### Assigned task
Beginning with the line containing "resort at isla palenque 8" and ending at the last line of the records, transcribe each line exactly. Do not include pictures.

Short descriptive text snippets

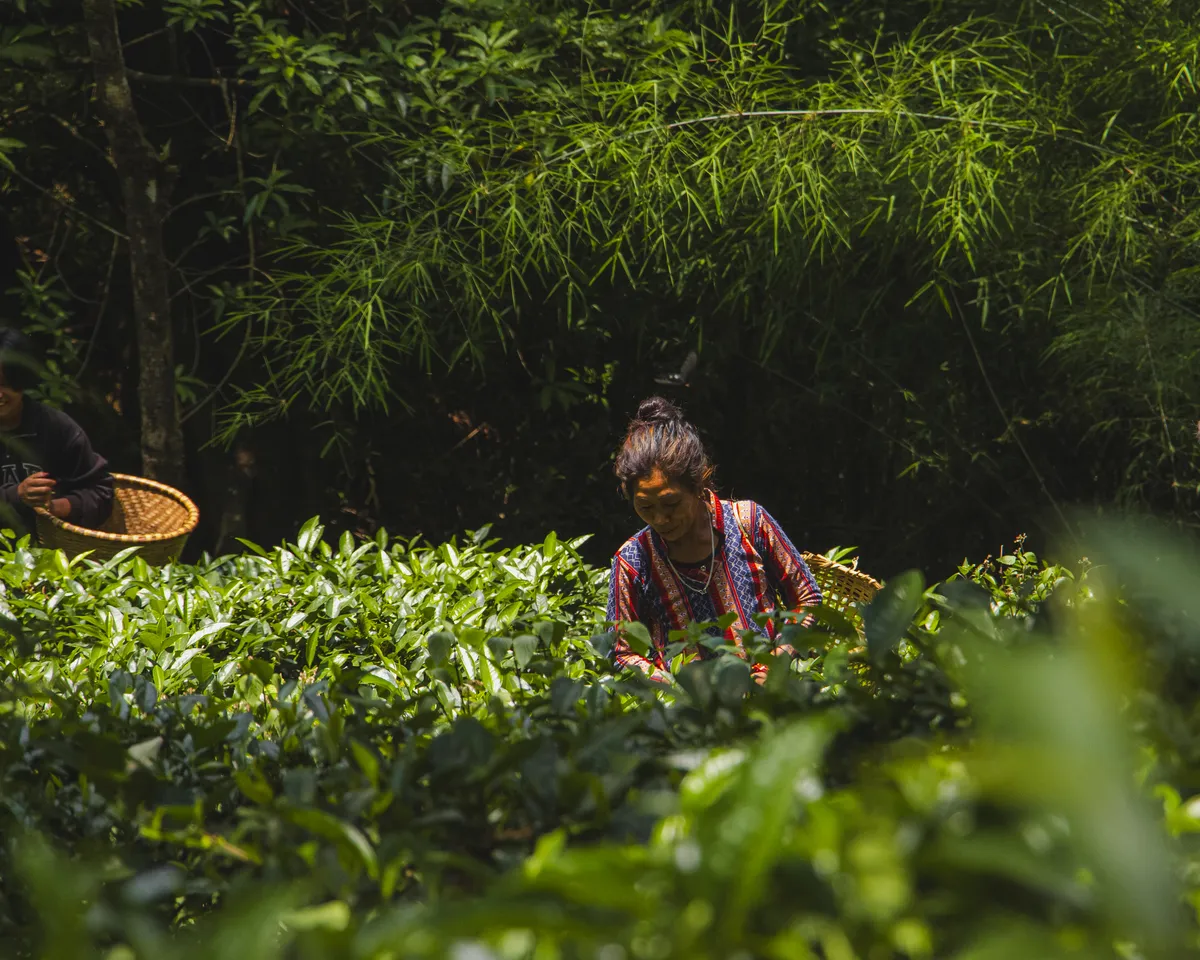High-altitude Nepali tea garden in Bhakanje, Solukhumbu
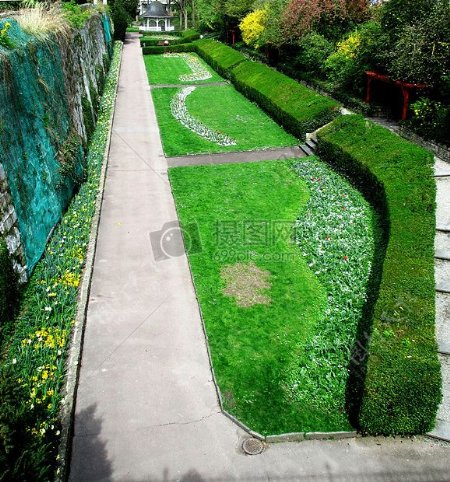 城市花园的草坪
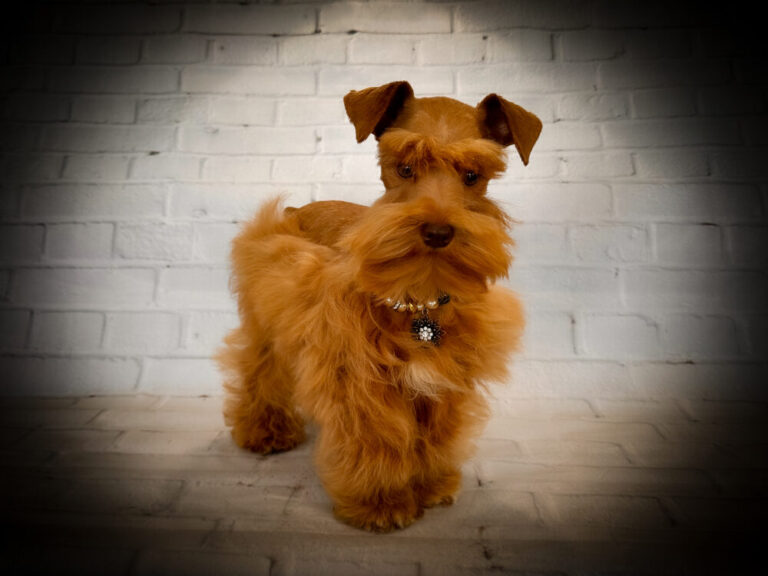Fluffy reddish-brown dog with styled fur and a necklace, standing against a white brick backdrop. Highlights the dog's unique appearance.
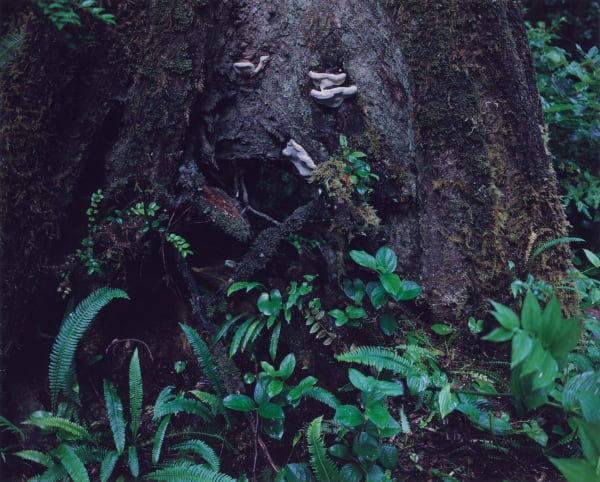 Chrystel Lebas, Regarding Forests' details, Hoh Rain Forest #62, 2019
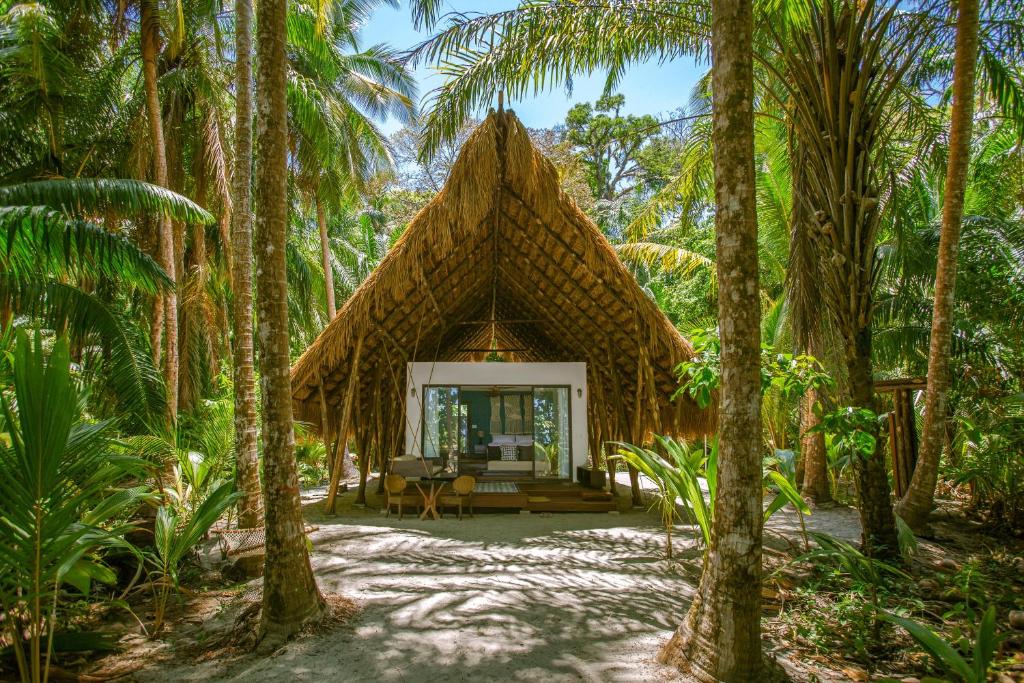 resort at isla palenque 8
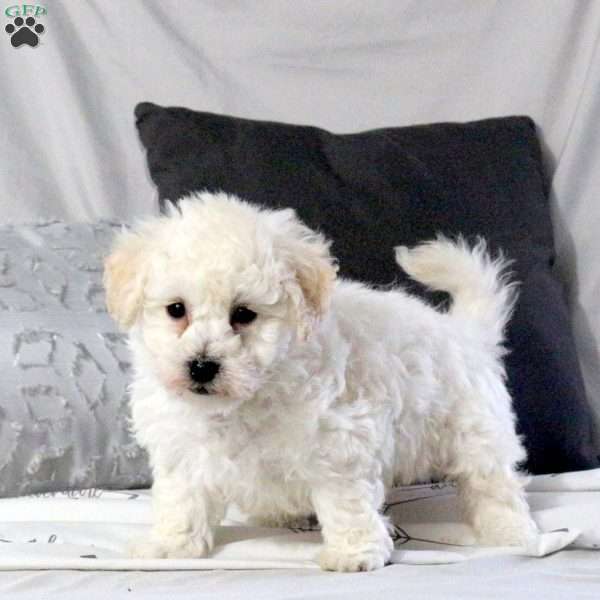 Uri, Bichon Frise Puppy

### Solution below
 resort at isla palenque 8
 Uri, Bichon Frise Puppy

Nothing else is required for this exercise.